Models Are Trained on Historical Patterns—Not Your Threat Model

Claude was trained on code and documentation written before the specific architecture of your app existed. It does not know your user roles, your data sensitivity, your regulatory obligations, or the specific ways your system can be abused. Security advice from AI is generic by default. Your attack surface is specific.

Rule Always provide context when asking AI for security recommendations. State your stack, your user types, your data classifications, and your threat actors. Generic prompts produce generic—and potentially wrong—security guidance.

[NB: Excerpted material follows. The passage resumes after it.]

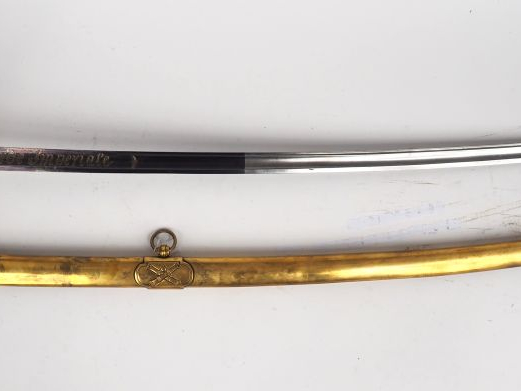 Sabre dans l’esprit d’un sabre d’officier d’artillerie de la garde imp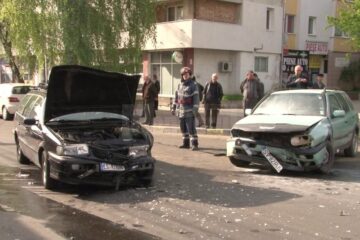 Coliziune violentă între două mașini în centrul Sucevei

Supply Chain Risk Is Now an AI Risk

AI models suggest dependencies, recommend packages, and generate import statements. If a model was trained on repositories that include malicious or abandoned packages, it may confidently recommend them. Package hallucination—where models invent package names that don't exist—creates opportunities for typosquatting and dependency confusion attacks.

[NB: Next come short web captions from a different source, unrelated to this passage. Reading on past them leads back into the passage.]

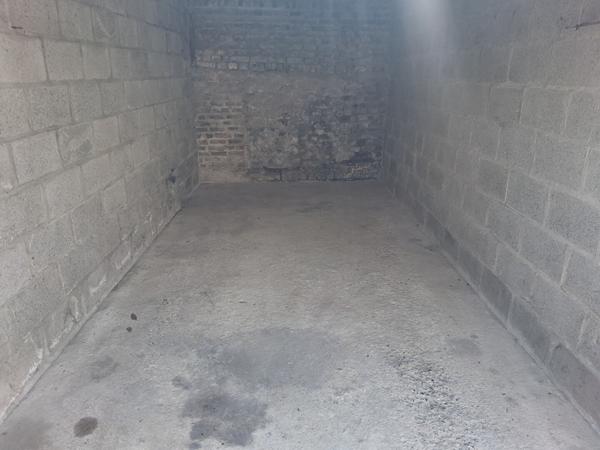 Parking / box 12 m2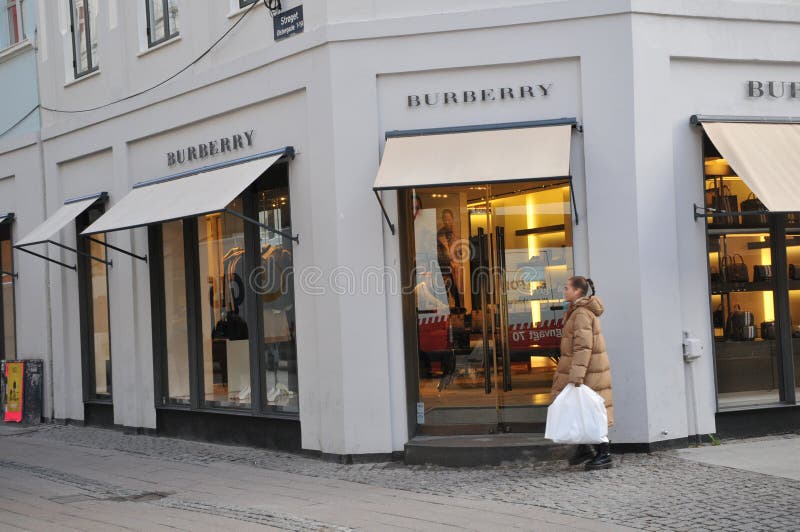 jord Lignende rester SHOPPER WALKS with ILLUM BOLIG HUS SHOPING BAG Editorial Photography -  Image of danmark, editor: 127216727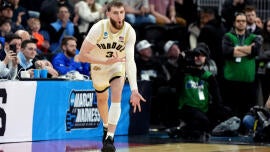 NCAA rule giving players a fifth year of eligibility may not be approved in time to help current seniors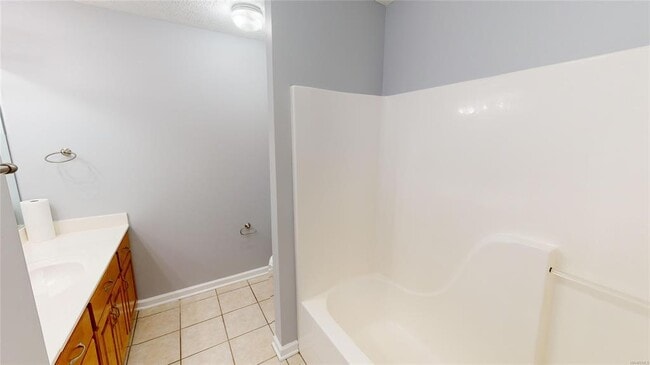 Building Photo - 275 Allen Dr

Rule Audit every dependency an AI suggests before installing. Use lockfiles, dependency scanning (npm audit, pip-audit), and SBOM generation as mandatory pipeline steps—not optional extras.

A Critical Thinking Framework for AI-Assisted Security

Apply these questions to every piece of security-relevant code or advice produced by an AI:

  1. Do I understand what this code does? If you need to ask the AI to explain it to you, you are not ready to deploy it.
  2. Does this match my actual data model and threat model? Generic patterns are not automatically correct for your specific architecture.
  3. What is the worst-case failure mode? If this code is wrong in the most dangerous way possible, what happens? Who loses access? Who gains access?
  4. Has another human reviewed this? AI-generated code reviewed only by the person who prompted it has had zero independent review.
  5. Is this tested against adversarial inputs? Happy-path tests do not reveal security flaws. Write tests that try to break the logic.
  6. Is there a way to detect if this fails in production? Logging, alerting, and anomaly detection must be in place before, not after, a breach.

The Bottom Line

AI makes you faster. Critical thinking keeps you safe. The engineers who thrive in an AI-first world are not those who blindly trust generated output—they are the ones who use AI to explore, draft, and accelerate, while applying rigorous judgment to every decision that touches security, access, and data.

MVSP is not a checklist you complete and forget. It is a discipline of asking the right questions, even when—especially when—the code was written in 30 seconds by a language model.